**Given records**:
+-------+

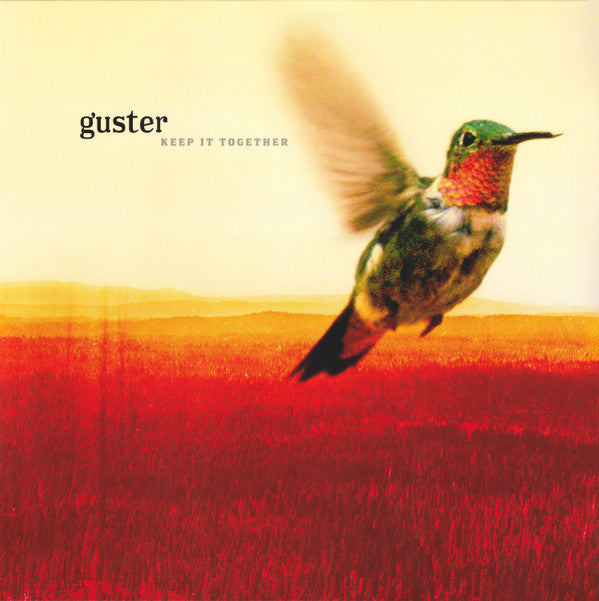 GUSTER - KEEP IT TOGETHER (BLOOD RED VINYL)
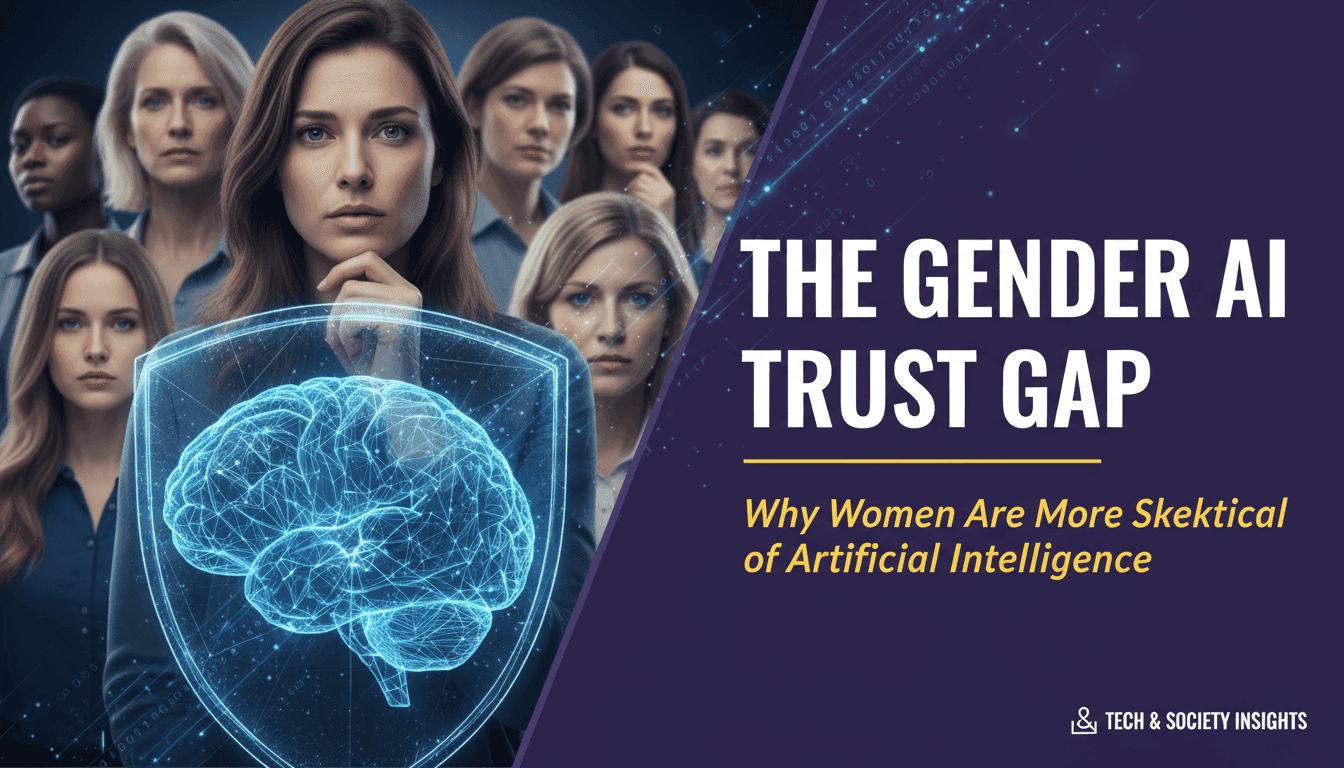 The Gender AI Trust Gap: Why Women Are More Skeptical of Artificial Intelligence
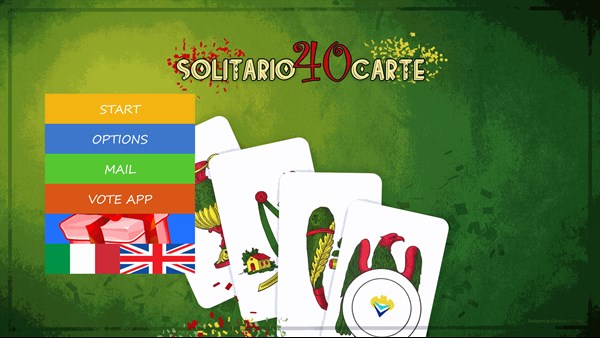 Solitaire 40 cards — 1
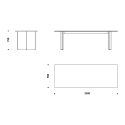 Normann Copenhagen Panel Dining Table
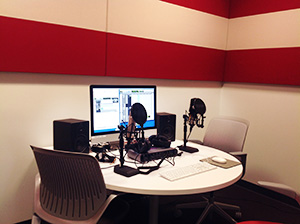 Recording Room - Creative Media Studio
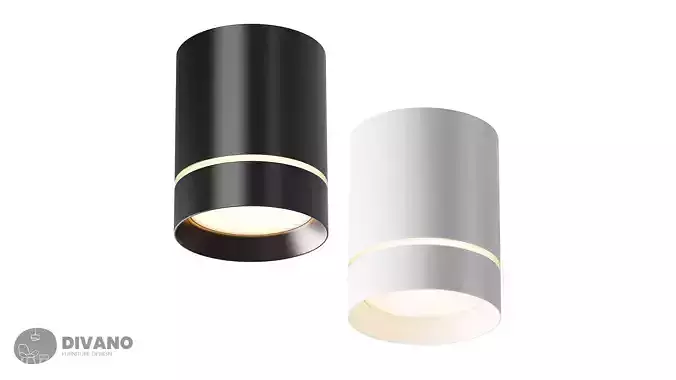 Orlo Ceiling Light 3D model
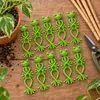 Lot de 10 clips flexibles pour plantes – FROGTIE Voir les images du produit 8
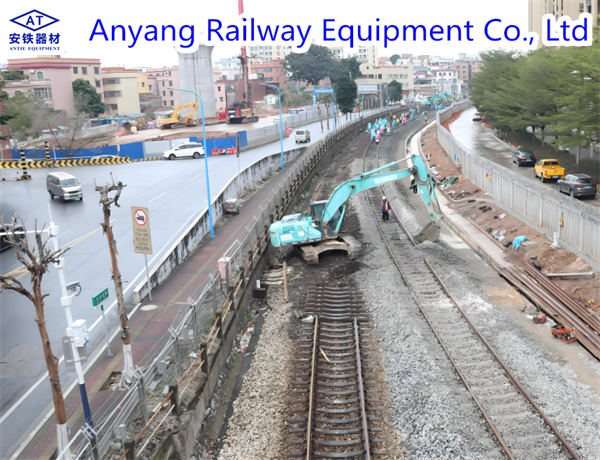 Type I and Type II Fastening System Supplier for Guangzhou-Foshan and Zhangzhou-Shantou High-speed Railway Project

+-------+

**What is required**: Every line above should be transcribed word for word; leave the pictures out.

**Result of the exercise**:
 GUSTER - KEEP IT TOGETHER (BLOOD RED VINYL)
 The Gender AI Trust Gap: Why Women Are More Skeptical of Artificial Intelligence
 Solitaire 40 cards — 1
 Normann Copenhagen Panel Dining Table
 Recording Room - Creative Media Studio
 Orlo Ceiling Light 3D model
 Lot de 10 clips flexibles pour plantes – FROGTIE Voir les images du produit 8
 Type I and Type II Fastening System Supplier for Guangzhou-Foshan and Zhangzhou-Shantou High-speed Railway Project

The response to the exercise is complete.